### Data block
--------

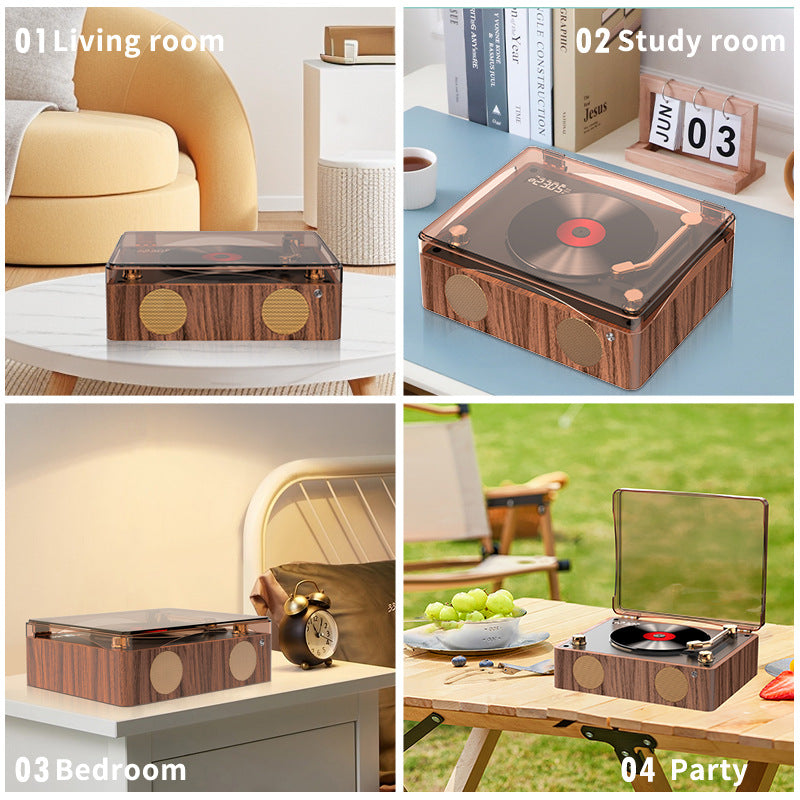 CD Player with Retro Style Turntable Bluetooth Speaker - USB Rechargeable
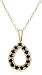 18k Yellow Gold Plated Sterling Silver Sapphire with Diamond-Accent Pear Pendant, 18"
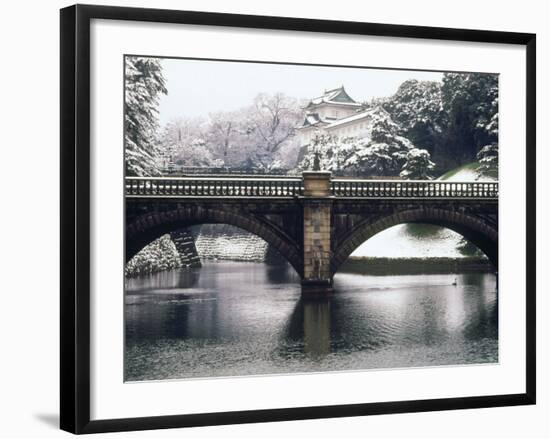 Nijubashi and the Inner Moat of Imperial Palace in Snow, Tokyo, Japan-null-Framed Photographic Print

--------

### How to complete this task
Before copying the material, set its pictures aside; then transcribe it word for word.

### Solution to the problem
 CD Player with Retro Style Turntable Bluetooth Speaker - USB Rechargeable
 18k Yellow Gold Plated Sterling Silver Sapphire with Diamond-Accent Pear Pendant, 18"
 Nijubashi and the Inner Moat of Imperial Palace in Snow, Tokyo, Japan-null-Framed Photographic Print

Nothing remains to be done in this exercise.